[[ Stored data open ]]
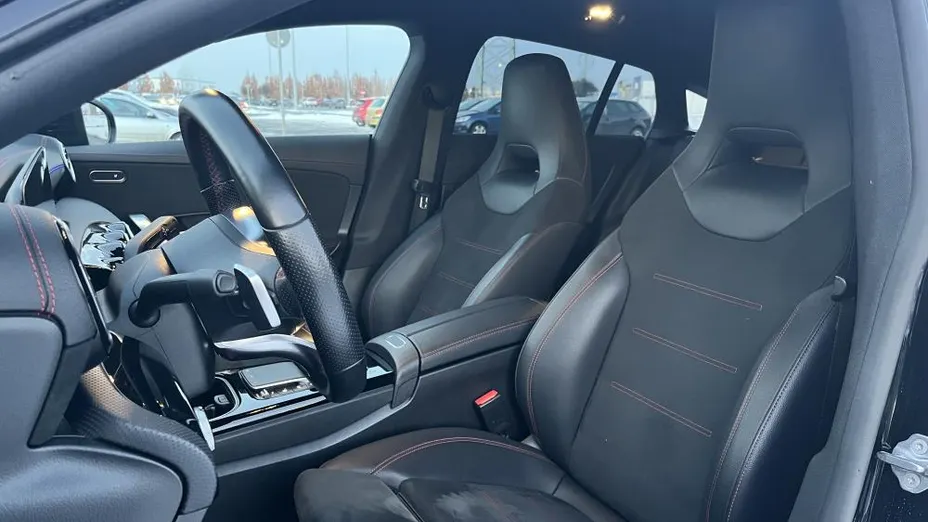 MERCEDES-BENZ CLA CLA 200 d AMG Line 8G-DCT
[[ Stored data closed ]]
[[ Stored data open ]]
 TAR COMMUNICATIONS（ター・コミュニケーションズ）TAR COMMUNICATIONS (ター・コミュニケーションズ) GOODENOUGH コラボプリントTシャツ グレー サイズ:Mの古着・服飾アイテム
[[ Stored data closed ]]
[[ Stored data open ]]
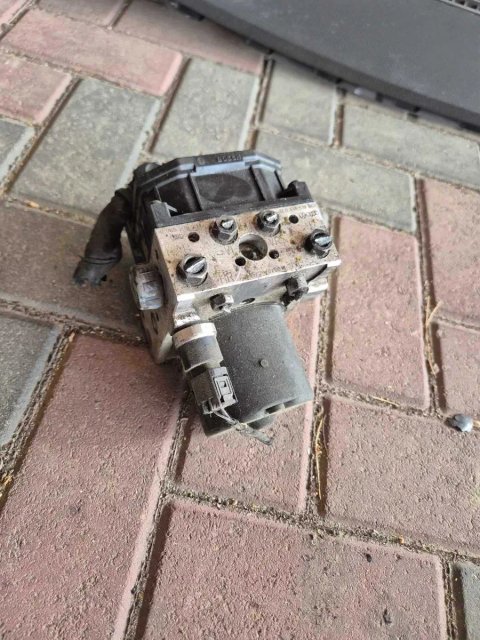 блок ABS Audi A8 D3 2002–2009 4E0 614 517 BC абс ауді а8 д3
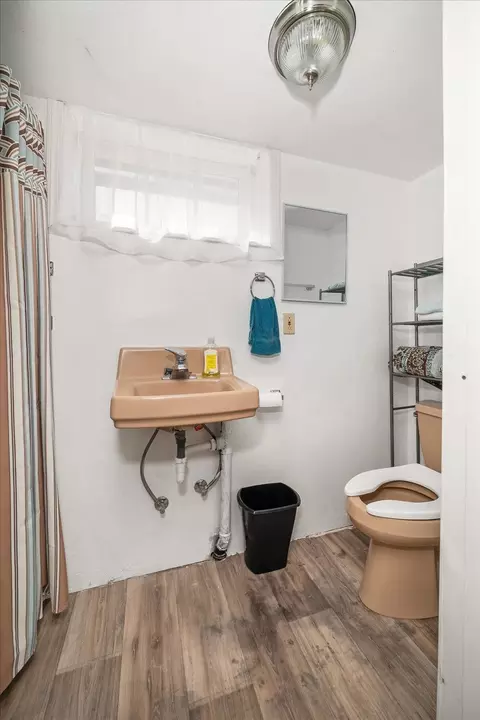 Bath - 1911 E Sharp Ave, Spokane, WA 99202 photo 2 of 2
[[ Stored data closed ]]
#### [Task prompt]
In the entries above, every line from the line with "блок ABS Audi" to the line with "Bath - 1911" is to be printed exactly, with both ends included and pictures excluded.

#### [Solution for this problem]
 блок ABS Audi A8 D3 2002–2009 4E0 614 517 BC абс ауді а8 д3
 Bath - 1911 E Sharp Ave, Spokane, WA 99202 photo 2 of 2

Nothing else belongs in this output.